WHAT IS EXPECTED: When you repeat the listing below, keep every word exactly and leave out each picture.
****************************************
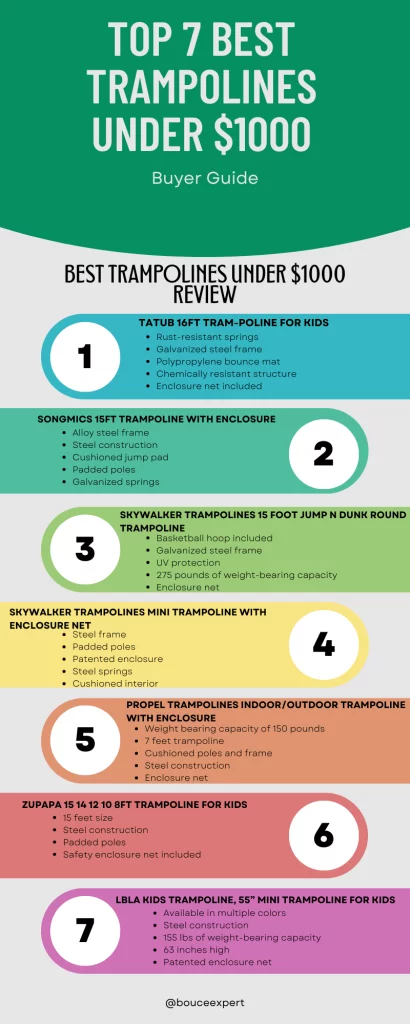 Infographic of Best Trampolines under $1000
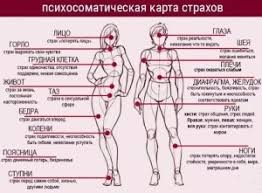 Причины и симптомы психосоматических расстройств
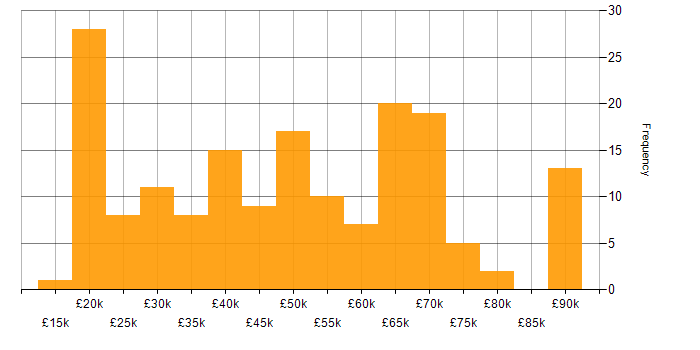 Salary histogram for Unified Communications in England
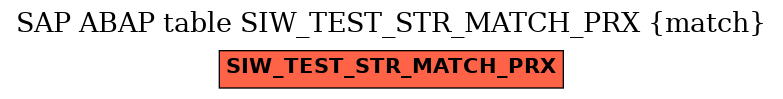 E-R Diagram for table SIW_TEST_STR_MATCH_PRX (match)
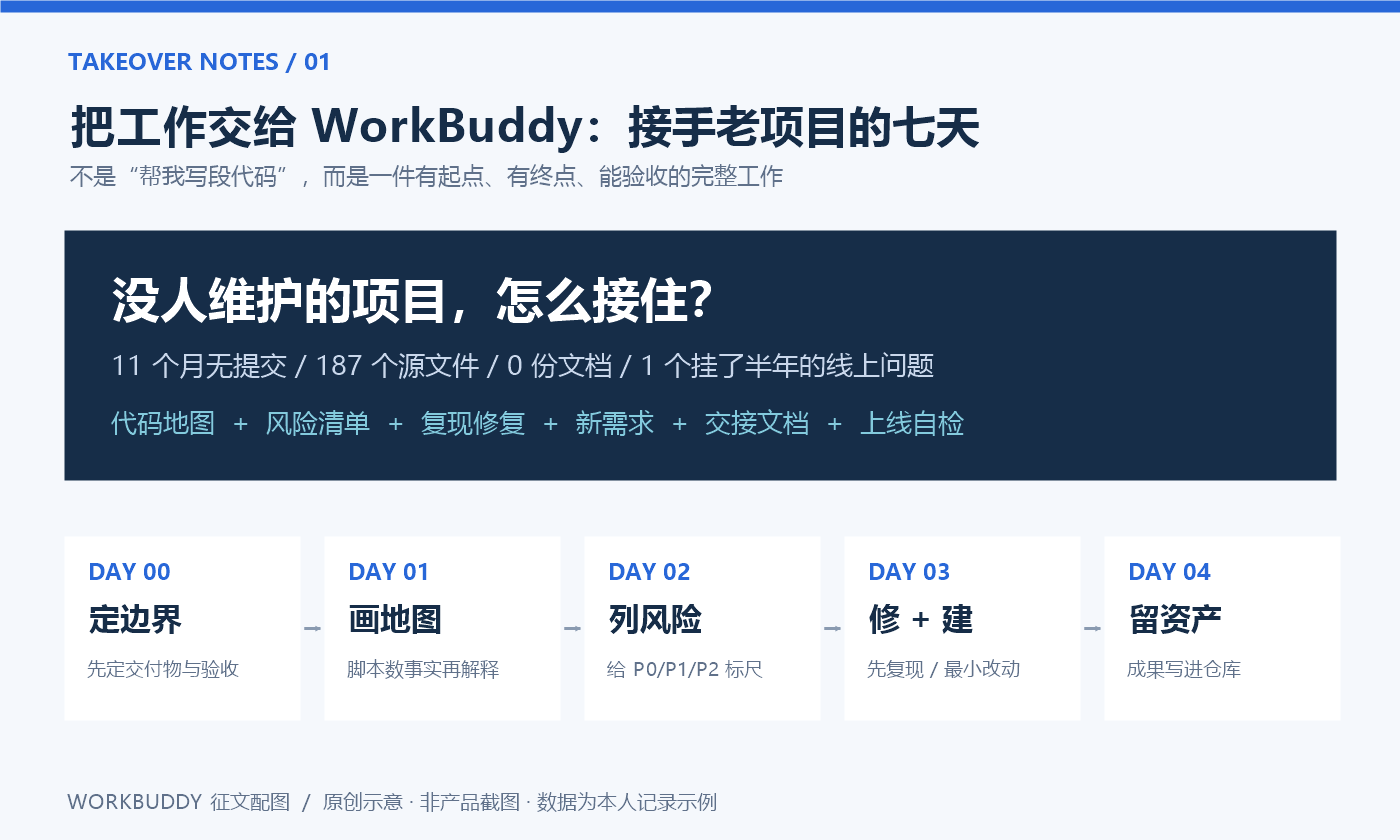 优秀的个人博客,低调大师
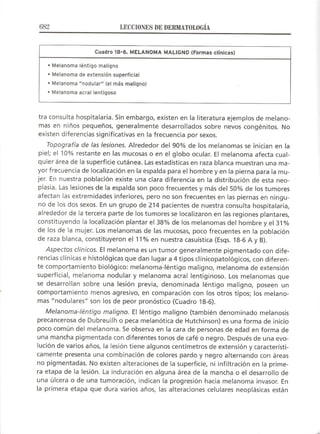 Lecciones de Dermatología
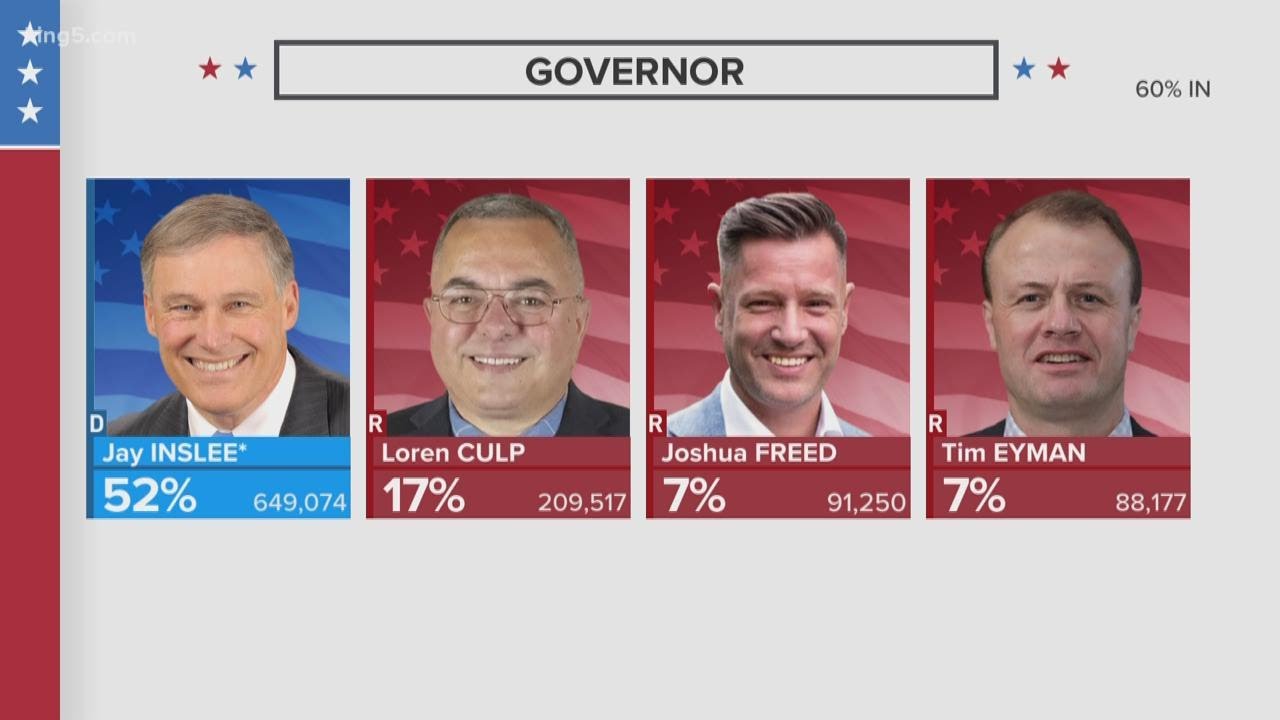 Latest numbers in the 2020 Washington Primary Election at 10 p.m. YouTube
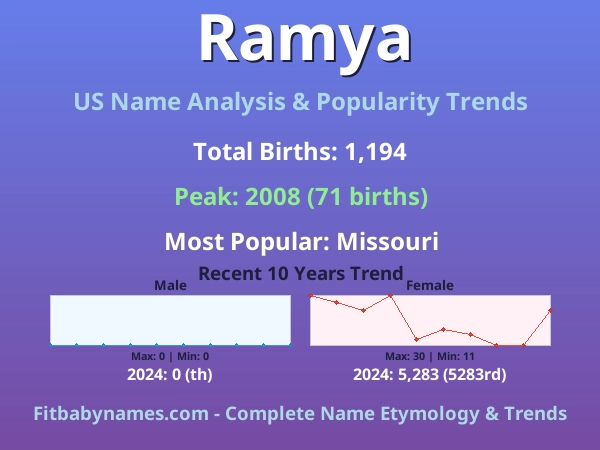 Infographic: Ramya name meaning, origin, and popularity trends in the United States (US baby name analysis chart)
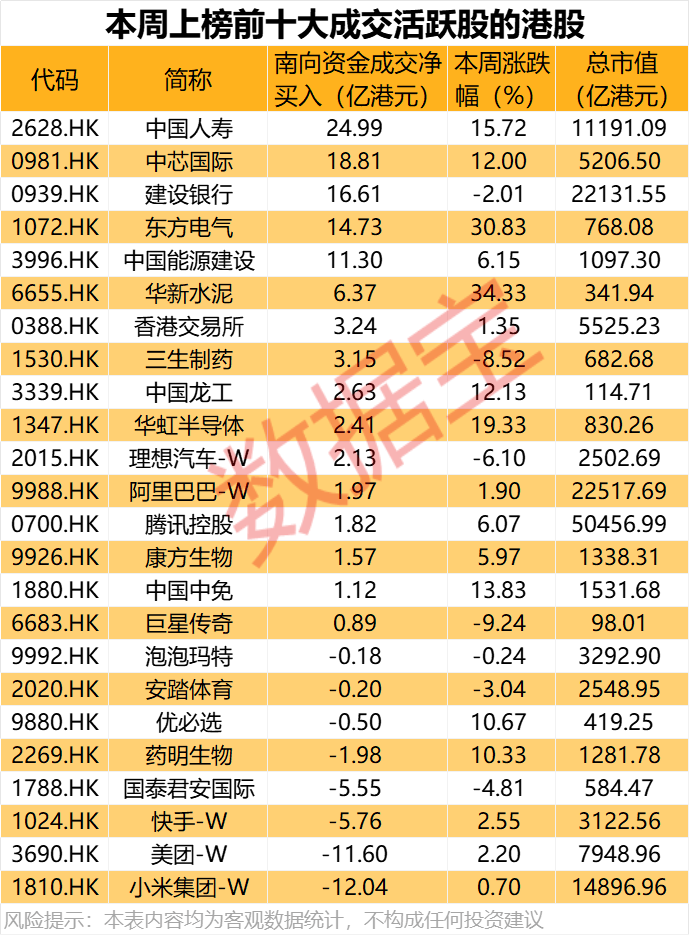 大举加仓<strong></p>
<p>交易公司</strong>，最高持股量翻番！年内净流入超8200亿港元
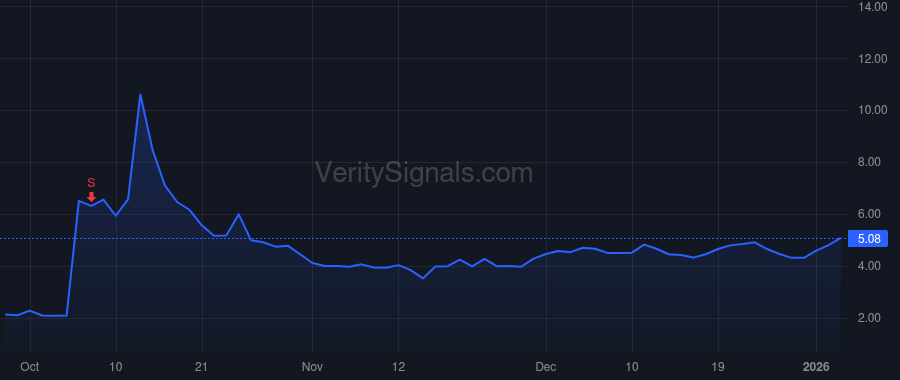 TMQ price after insider trade by Sanders Elaine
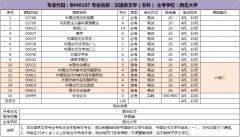 西北大学自考【汉语言文学】本科专业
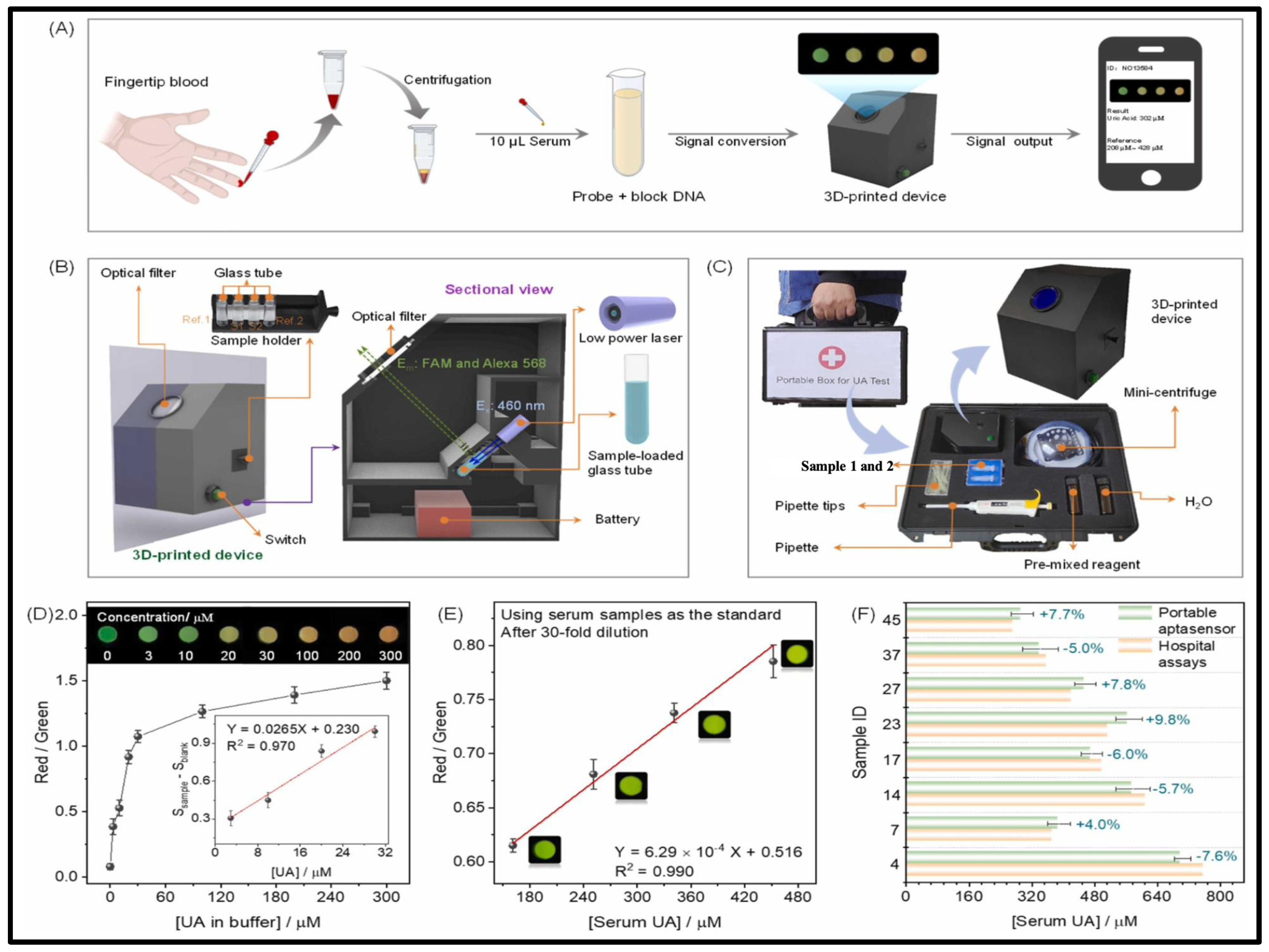 Biosensors 15 00222 g017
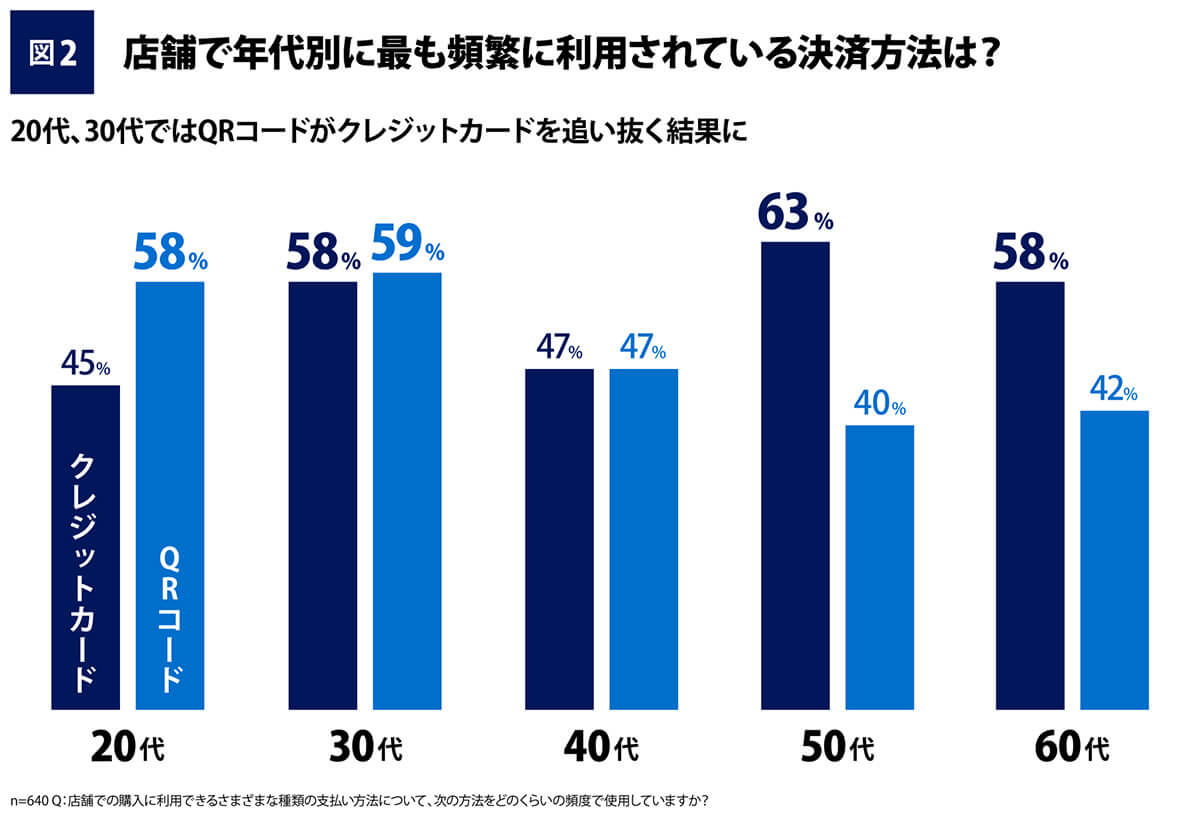 店舗で年代別に最も頻繁に利用されている決済方法は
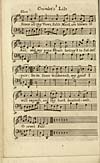 Thumbnail of file (16) Score 1 - Cromlet's lilt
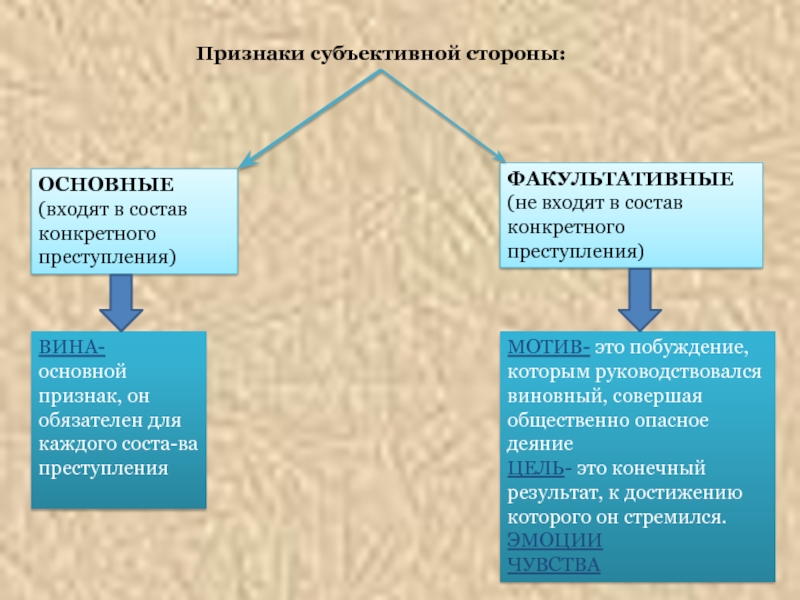 Реферат: Субъективная сторона состава преступления 2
****************************************
SOLUTION TO THIS TASK:
 Infographic of Best Trampolines under $1000
 Причины и симптомы психосоматических расстройств
 Salary histogram for Unified Communications in England
 E-R Diagram for table SIW_TEST_STR_MATCH_PRX (match)
 优秀的个人博客,低调大师
 Lecciones de Dermatología
 Latest numbers in the 2020 Washington Primary Election at 10 p.m. YouTube
 Infographic: Ramya name meaning, origin, and popularity trends in the United States (US baby name analysis chart)
 大举加仓<strong></p>
<p>交易公司</strong>，最高持股量翻番！年内净流入超8200亿港元
 TMQ price after insider trade by Sanders Elaine
 西北大学自考【汉语言文学】本科专业
 Biosensors 15 00222 g017
 店舗で年代別に最も頻繁に利用されている決済方法は
 Thumbnail of file (16) Score 1 - Cromlet's lilt
 Реферат: Субъективная сторона состава преступления 2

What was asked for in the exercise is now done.